Tasty cumin and caraway seeds:  Cumin and caraway produce masses  of seeds  that lend a distinctive  taste to spicy and fragrant dishes.
  • Cumin is a tender annual.  Sow it in a heated  propagator  in a greenhouse  in spring. Transplant  into well-drained soil in a sheltered,  sunny site.
  • Caraway  is a hardy  biennial.  Sow  seed into rich loamy  soil in spring. It grows well in full sun.  You can also sow it in early autumn  to over winter.
Did You Know
Natural Protection: By planting practical and ornamental plants together to make use of every last bit of space in the garden, cottage gardeners noticed that certain herbs seem to protect both vegetables and flowers. They planted chives around the base of rose bushes to control greenfly and black spot, a scourge of garden roses. Dill was grown to protect carrots from carrot fly, winter and summer savory were thought to keep aphids away from broad bean plants, and horseradish was formerly used to  combat fungus  in fruit trees. 

Herbs in Planters.
Herbs in Planters
Herbs in planters need special attention ,as they are totally  dependent  on the gardener for their welfare.
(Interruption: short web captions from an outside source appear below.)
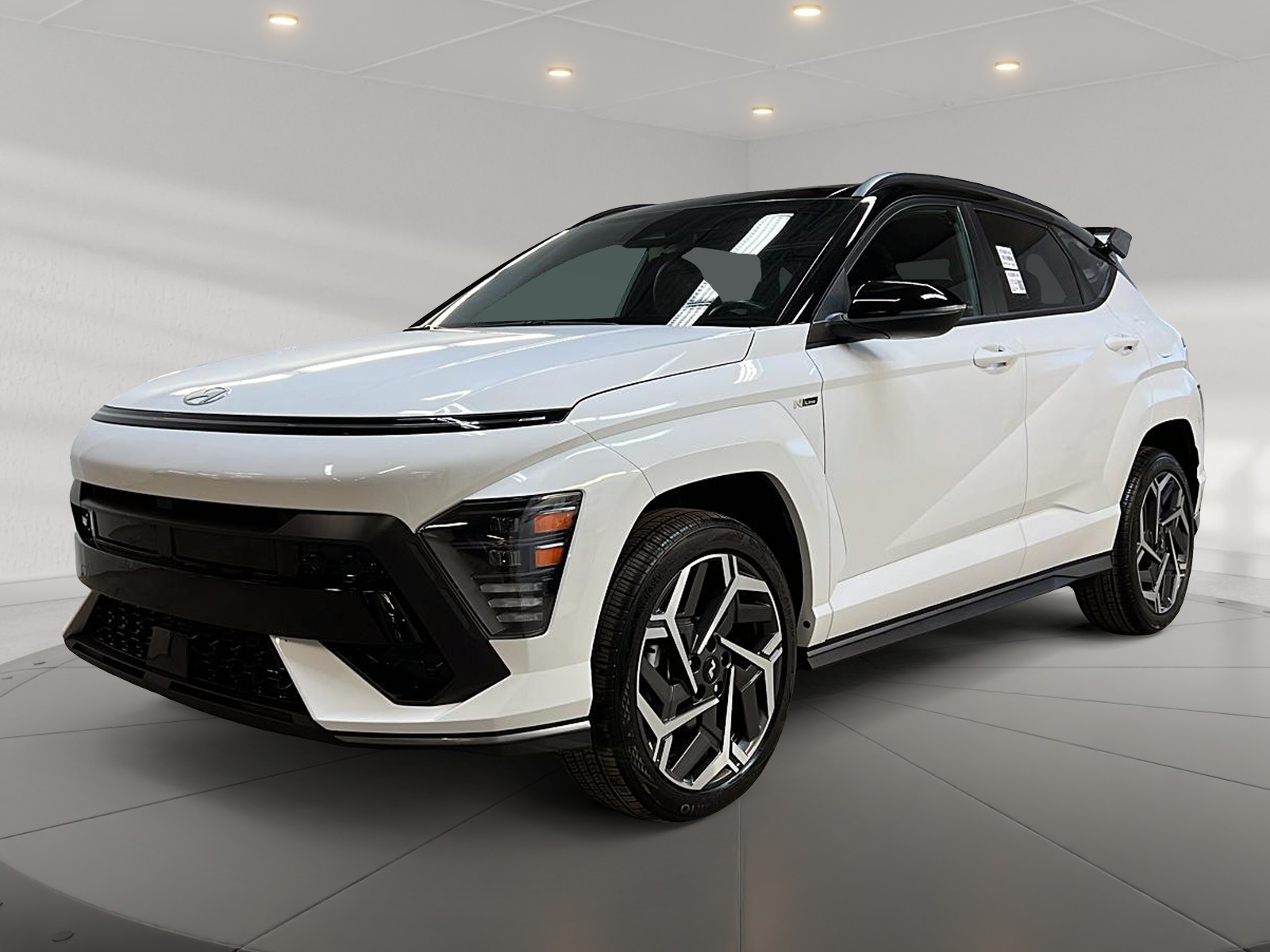 Hyundai Kona N-LINE 1.6T TOIT 4RM 2024 - image #1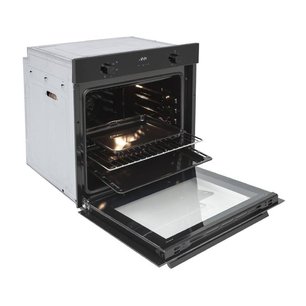 Встраиваемый духовой шкаф Brandt BOH1222BB фото 3 в Челябинске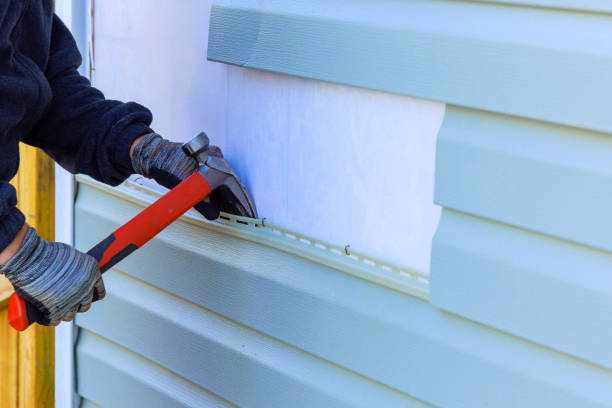 Reliable Emergency Siding Repair contractor in Lake Dallas, TX by Creative Siding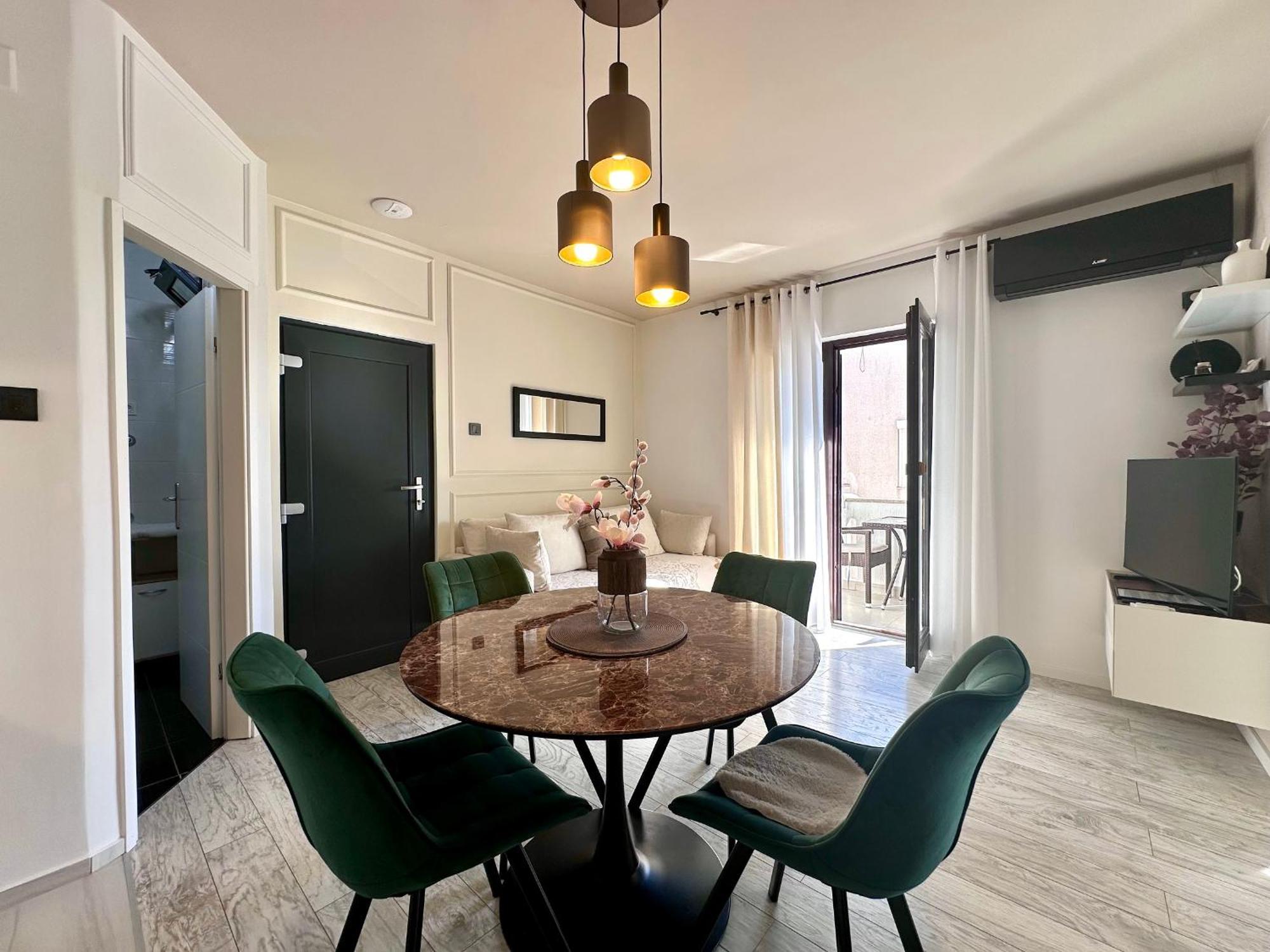 Apartments Sinisa - كرك الغرفة الصورة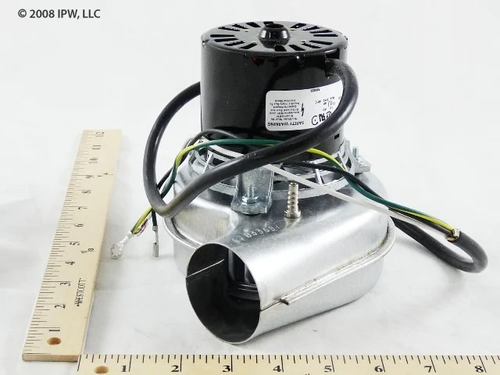 Regal Rexnord-Fasco Draft Inducer Motor (A320) - Draft Inducers and Inducer Assemblies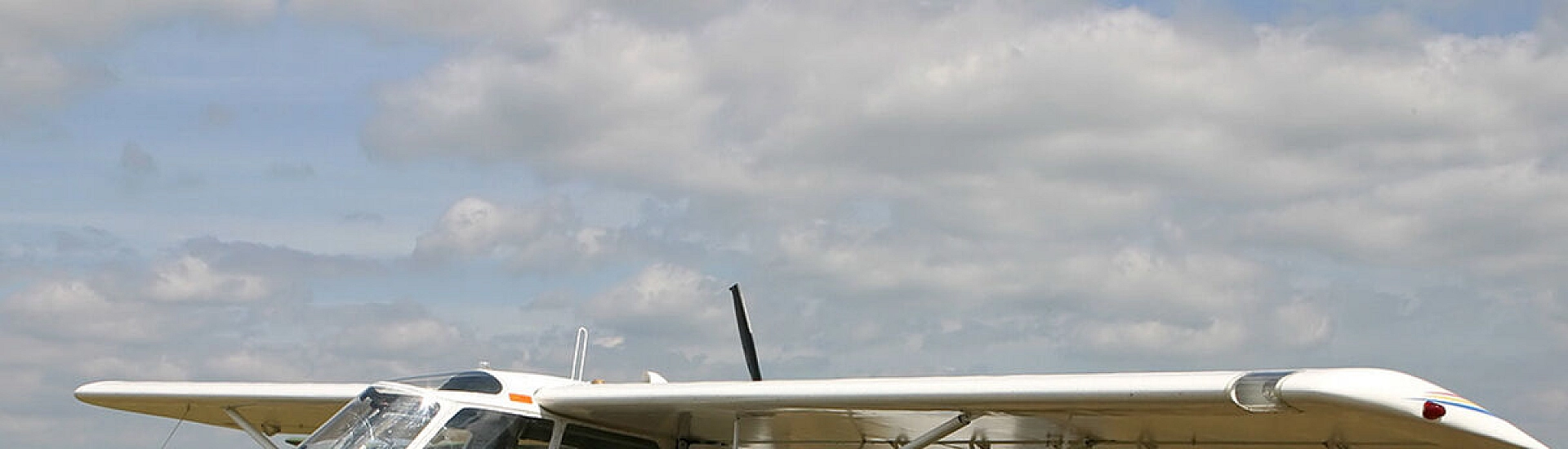 В Рязанской области разбился легкомоторный самолет «Бекас»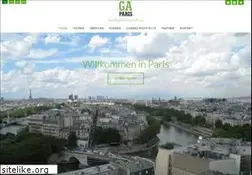 Sites similar to ga-paris.fr
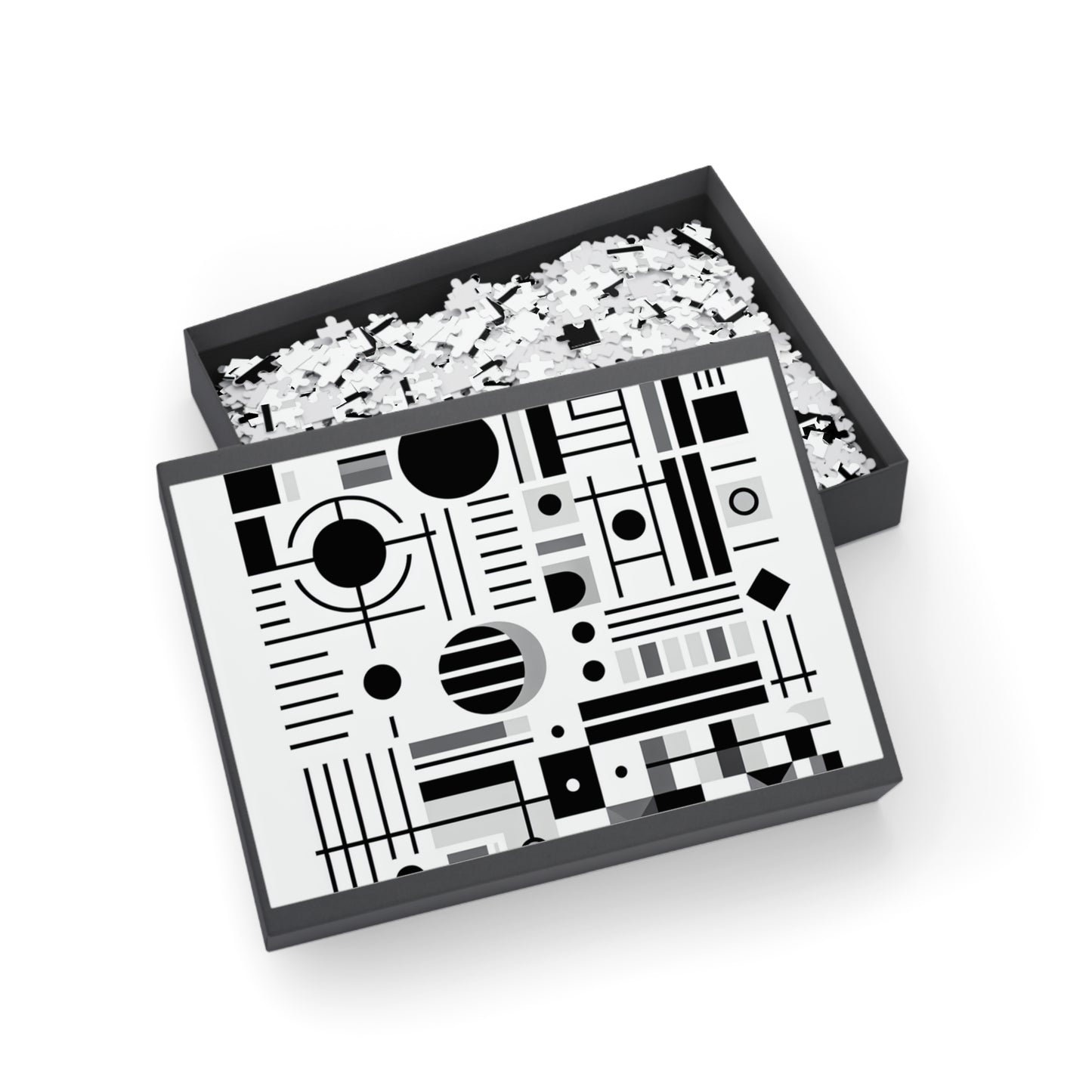 Liz Cogsmith - Puzzle
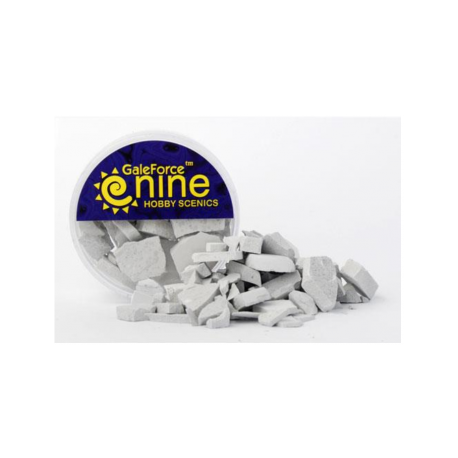 GF9 - Hobby Round: Concrete Rubble Mix
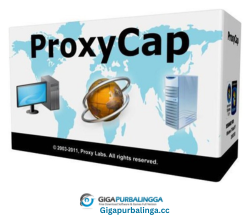 ProxyCap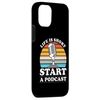 iPhone 13 Start a Podcast - Seize the Mic Case
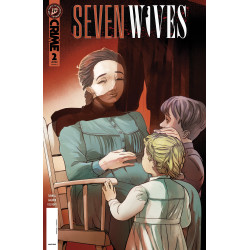 SEVEN WIVES 2 VARIANT B (GAGNON)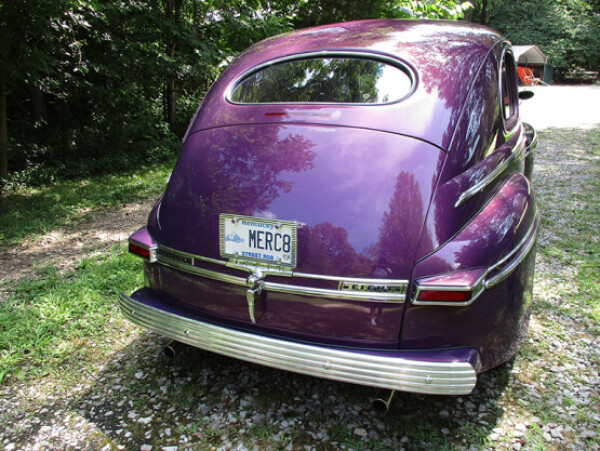 1946 Mercury Eight for Sale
Their greatest  need is water:  the toughest drought-loving  herb cannot survive for long in bone-dry soil and you must therefore  check regularly (daily or even twice daily in a hot summer) that the soil stays consistently  moist.  Leafy herbs will appreciate  an occasional feed of houseplant fertilizer, but for others  annual re-potting  or top-dressing is enough  to replenish their diet.